You’re an NFL head coach. You go into the office before the sun rises. You’re there for hours after it sets. You’re dealing with egos, your own front office, managing your assistant coaches, their assistant coaches, a scouting network, viewing film, holding meetings, sitting in on unit meetings. Oh and let’s not forget creating and installing a game plan, opposition-specific wrinkles in said game plan and talking to the press.

Obviously, I have a bit of a bias about the press’ importance in all this. I think that’s because I’ve noticed it more this year than ever before.

NFL Coaches are not coaches. They’re movie stars. They’re corporate spokesmen. Sunshine salesmen. AND coaches of overgrown children playing a game for millions upon millions of dollars. OH! I almost forgot the best part! There’s a near 100% chance that they won’t leave the job on their own terms. Easy job, right?

There are a few specific kinds of coaches:

The Grizzled Veteran

Oh? Ohhhhhhhhhhhhh.

The Grizzled Veteran is that guy who has been around the league for eons. He was a longtime assistant, probably coordinated a good offense or defense, he’s probably run a pro team before, and now he’s a reasonably well-paid head coach in a new city. The fanbase is generally underwhelmed by this hiring, as you can almost always predict your team’s fortunes by looking back at their previous head coaching stops to establish what the pattern will look like in the next city.

Usually these guys are brought in to be a “steady hand of leadership” or some other fan-spunk-inducing platitude explanation after a disastrous run with a previous regime or, if you’re a Dolphins fan, 5 previous regimes. It’s unlikely that this guy will ever win a Super Bowl but he’s there as a caretaker to come in, set the table with some good pieces and basically not screw anything up FOR THE LOVE OF GOD JOHN FOX DON’T SCREW ANYTHING ELSE UP OR I WILL PUT A HEX ON YOU WHEREIN NO ONE WILL TALK TO YOU AT PARTIES. Aw, who am I kidding? After that last guy’s run in Denver, I’m shocked the league didn’t offer contraction as a way out for the Broncos. Not a whole lot Foxy could do to screw this up. (Others in this group: Parcells, Bill – and you KNOW he’s comin’ back; Coughlin, Tom; Soon joining this group: Reid, Andy)

The Up-and-Coming, Can’t-Miss Genius

Invisible foot.

This guy is neither “can’t miss,” nor a “genius,” though local media types will likely call him either or both at one point or another. See McDaniels, Josh. He’s probably in his thirties, and either coordinated a very talented offense that scored a lot of points, or coordinated a very talented defense that didn’t give up a lot of points. In either case, this is his first head coaching job at any level of the game, and it’ll turn out that he’s not particularly good at doing anything but the coaching. Dealing with egos? No good. Dealing with distractions? No good. Dealing with media? No good.
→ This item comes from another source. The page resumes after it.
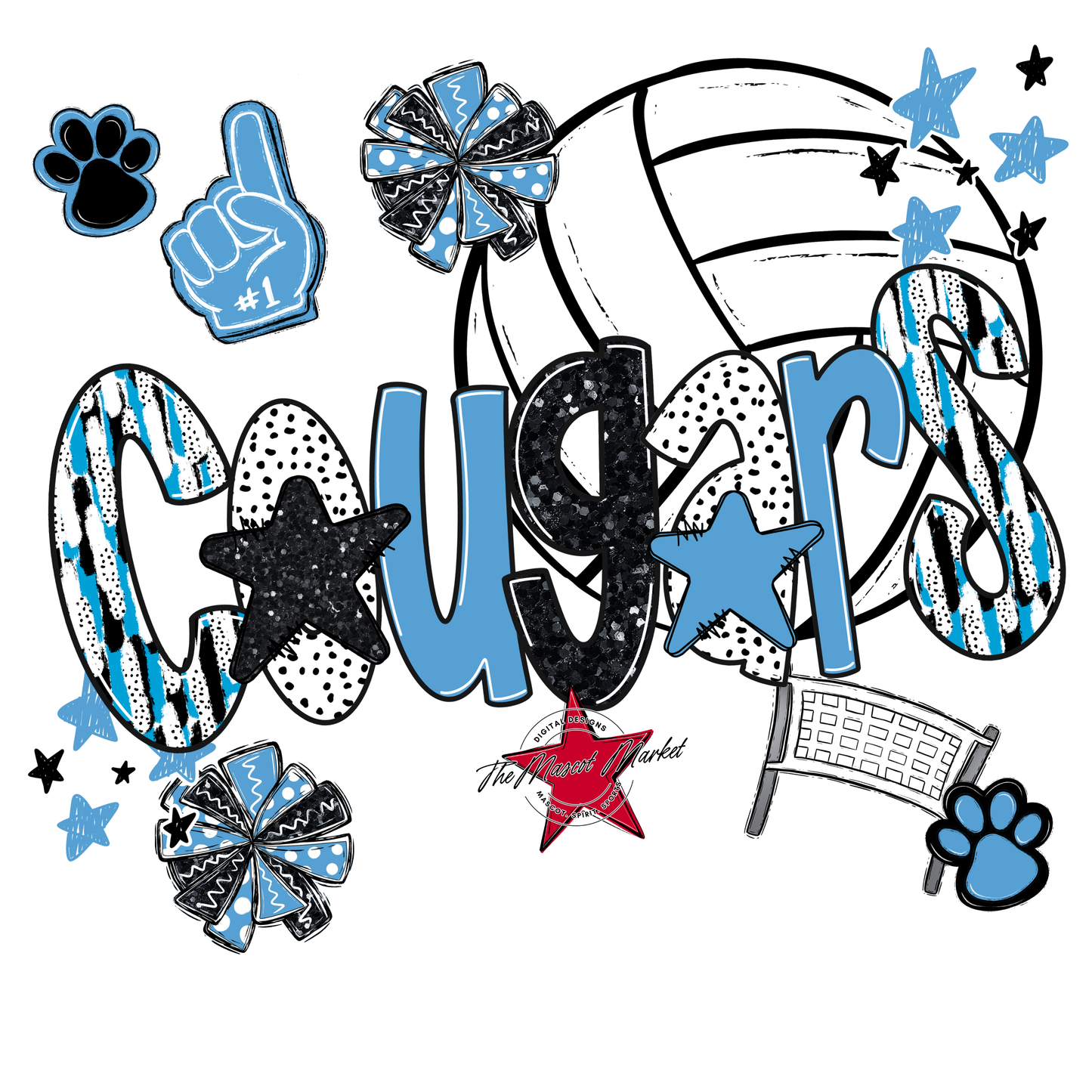 Cougars Volleyball Scrape-Carolina Blue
He specializes in saying the wrong thing at all times, offers platitudes in place of actual coaching, and somehow manages to piss off the fanbase so much during his tenure that he actually gets death threats.
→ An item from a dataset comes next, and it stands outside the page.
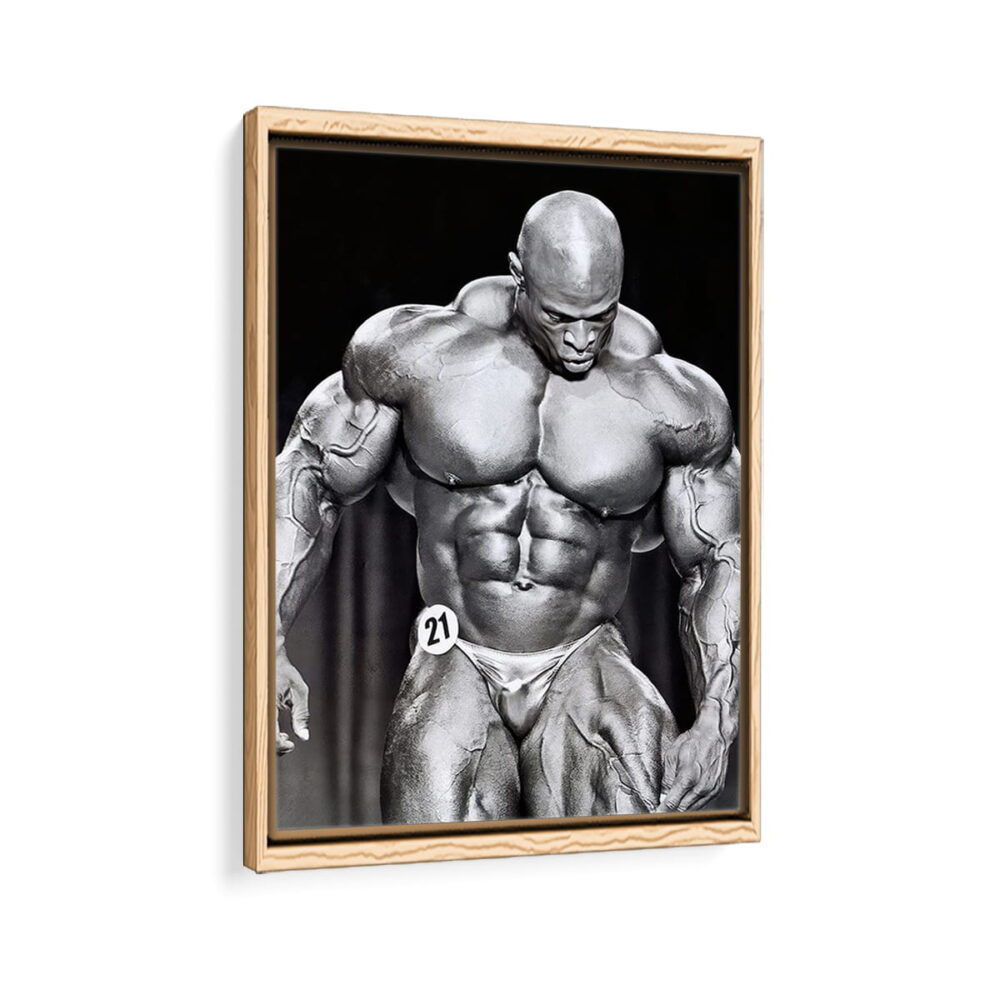 ronnie coleman framed canvas natural beige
Others in this group (besides poster-boy Josh McFuckstain) include Steve Spagnuolo, Todd Haley (FIRED!), and Mike Shanahan 20 years ago.

The Middling Manager

Norv Turner in his natural state

This guy was once a successful coordinator for a Super Bowl Champion team but that was eons ago. Since then: several head coaching positions, teams that are good but never great, and ultimate failure. The Chargers this year announced that they were likely going to fire Norv Turner but they were keeping him around a little while longer to see if ol’ foreskin face could turn his fortunes around. So far? Uh, not so good.

If your team is hiring one of these coaches — my favorite term is “retread,” like a tire that’s been re-shaped — you’re proper fucked and should probably just write off the next 3-5 years of your team’s existence. There may be moments where you say to yourself: “I can’t believe I ever doubted that he could do it” because the NFL is evil and could probably convince you that Tim Tebow is Jesus if you’re not careful. But that will even out and before you know it you’ll be angrily calling in to a local sports talk show and demanding that the crater-faced swamp monster currently running your team be fired in favor of one of the “genius” types listed above.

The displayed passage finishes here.